EXERCISE DETAILS:
Leave out every picture, then transcribe the rest of the listing exactly.

DATASET EXTRACT:
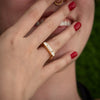 Framed-Horizontal-Engagement-Ring-with-Half-Moon-and-Baguette-Diamonds-side-shot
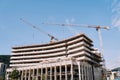 Tower cranes work at the construction site of a multi-storey building against a cloudy sky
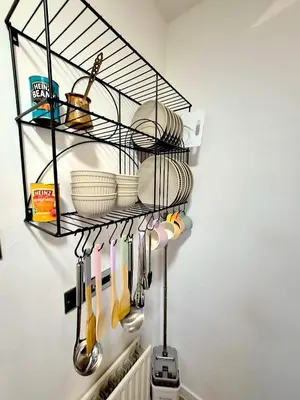 a rack with dishes and utensils in a kitchen at COZY Apartment 4 in Liverpool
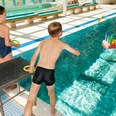 Kinderdisco Kinder spielen fröhlich am Beckenrand eines Hallenbads und werfen Ringe auf ein buntes Wasserspiel.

WRITTEN RESPONSE:
 Framed-Horizontal-Engagement-Ring-with-Half-Moon-and-Baguette-Diamonds-side-shot
 Tower cranes work at the construction site of a multi-storey building against a cloudy sky
 a rack with dishes and utensils in a kitchen at COZY Apartment 4 in Liverpool
 Kinderdisco Kinder spielen fröhlich am Beckenrand eines Hallenbads und werfen Ringe auf ein buntes Wasserspiel.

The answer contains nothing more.